Work task –
Could each entry be returned exactly as it appears?

Stored data –

※ ※ ※

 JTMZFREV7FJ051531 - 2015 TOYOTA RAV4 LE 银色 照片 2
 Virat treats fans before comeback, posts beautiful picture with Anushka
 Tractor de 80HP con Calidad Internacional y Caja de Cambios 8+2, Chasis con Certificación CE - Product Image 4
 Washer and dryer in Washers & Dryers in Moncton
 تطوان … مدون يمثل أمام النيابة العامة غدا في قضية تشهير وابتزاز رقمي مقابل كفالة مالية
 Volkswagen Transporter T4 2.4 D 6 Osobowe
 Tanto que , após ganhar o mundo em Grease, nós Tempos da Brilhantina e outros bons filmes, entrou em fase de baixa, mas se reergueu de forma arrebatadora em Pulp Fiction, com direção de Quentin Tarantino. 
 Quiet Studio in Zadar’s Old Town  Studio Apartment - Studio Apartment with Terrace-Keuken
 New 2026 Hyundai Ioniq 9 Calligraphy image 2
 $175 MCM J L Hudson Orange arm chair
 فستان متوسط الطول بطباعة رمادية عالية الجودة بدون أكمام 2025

※ ※ ※

Answer to the exercise –
 JTMZFREV7FJ051531 - 2015 TOYOTA RAV4 LE 银色 照片 2
 Virat treats fans before comeback, posts beautiful picture with Anushka
 Tractor de 80HP con Calidad Internacional y Caja de Cambios 8+2, Chasis con Certificación CE - Product Image 4
 Washer and dryer in Washers & Dryers in Moncton
 تطوان … مدون يمثل أمام النيابة العامة غدا في قضية تشهير وابتزاز رقمي مقابل كفالة مالية
 Volkswagen Transporter T4 2.4 D 6 Osobowe
 Tanto que , após ganhar o mundo em Grease, nós Tempos da Brilhantina e outros bons filmes, entrou em fase de baixa, mas se reergueu de forma arrebatadora em Pulp Fiction, com direção de Quentin Tarantino. 
 Quiet Studio in Zadar’s Old Town  Studio Apartment - Studio Apartment with Terrace-Keuken
 New 2026 Hyundai Ioniq 9 Calligraphy image 2
 $175 MCM J L Hudson Orange arm chair
 فستان متوسط الطول بطباعة رمادية عالية الجودة بدون أكمام 2025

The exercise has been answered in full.